Task objective: Please repeat only these lines, exactly: the one containing "Lotz Károly (1833-1904): Kesergés." and all that come after it in the material.
___ Material for the task ___
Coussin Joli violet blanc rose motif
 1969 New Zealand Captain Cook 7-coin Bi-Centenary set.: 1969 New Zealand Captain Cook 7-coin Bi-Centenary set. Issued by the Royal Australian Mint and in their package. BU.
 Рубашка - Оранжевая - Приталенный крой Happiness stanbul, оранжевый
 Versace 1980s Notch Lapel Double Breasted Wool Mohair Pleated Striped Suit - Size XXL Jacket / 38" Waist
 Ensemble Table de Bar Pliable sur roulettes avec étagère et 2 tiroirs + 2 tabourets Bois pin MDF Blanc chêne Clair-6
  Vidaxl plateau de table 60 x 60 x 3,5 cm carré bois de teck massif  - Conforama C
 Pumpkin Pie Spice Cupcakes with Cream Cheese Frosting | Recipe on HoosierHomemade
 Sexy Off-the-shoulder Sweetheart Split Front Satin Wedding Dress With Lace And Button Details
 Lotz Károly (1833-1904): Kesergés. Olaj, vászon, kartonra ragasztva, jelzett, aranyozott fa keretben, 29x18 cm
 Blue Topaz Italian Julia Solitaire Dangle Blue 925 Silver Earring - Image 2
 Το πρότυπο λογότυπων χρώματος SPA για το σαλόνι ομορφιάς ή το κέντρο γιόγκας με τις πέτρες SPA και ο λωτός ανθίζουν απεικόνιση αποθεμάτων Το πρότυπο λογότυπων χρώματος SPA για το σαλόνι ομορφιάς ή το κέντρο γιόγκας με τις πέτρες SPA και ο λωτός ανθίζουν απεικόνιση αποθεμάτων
___
Solution to the exercise:
 Lotz Károly (1833-1904): Kesergés. Olaj, vászon, kartonra ragasztva, jelzett, aranyozott fa keretben, 29x18 cm
 Blue Topaz Italian Julia Solitaire Dangle Blue 925 Silver Earring - Image 2
 Το πρότυπο λογότυπων χρώματος SPA για το σαλόνι ομορφιάς ή το κέντρο γιόγκας με τις πέτρες SPA και ο λωτός ανθίζουν απεικόνιση αποθεμάτων Το πρότυπο λογότυπων χρώματος SPA για το σαλόνι ομορφιάς ή το κέντρο γιόγκας με τις πέτρες SPA και ο λωτός ανθίζουν απεικόνιση αποθεμάτων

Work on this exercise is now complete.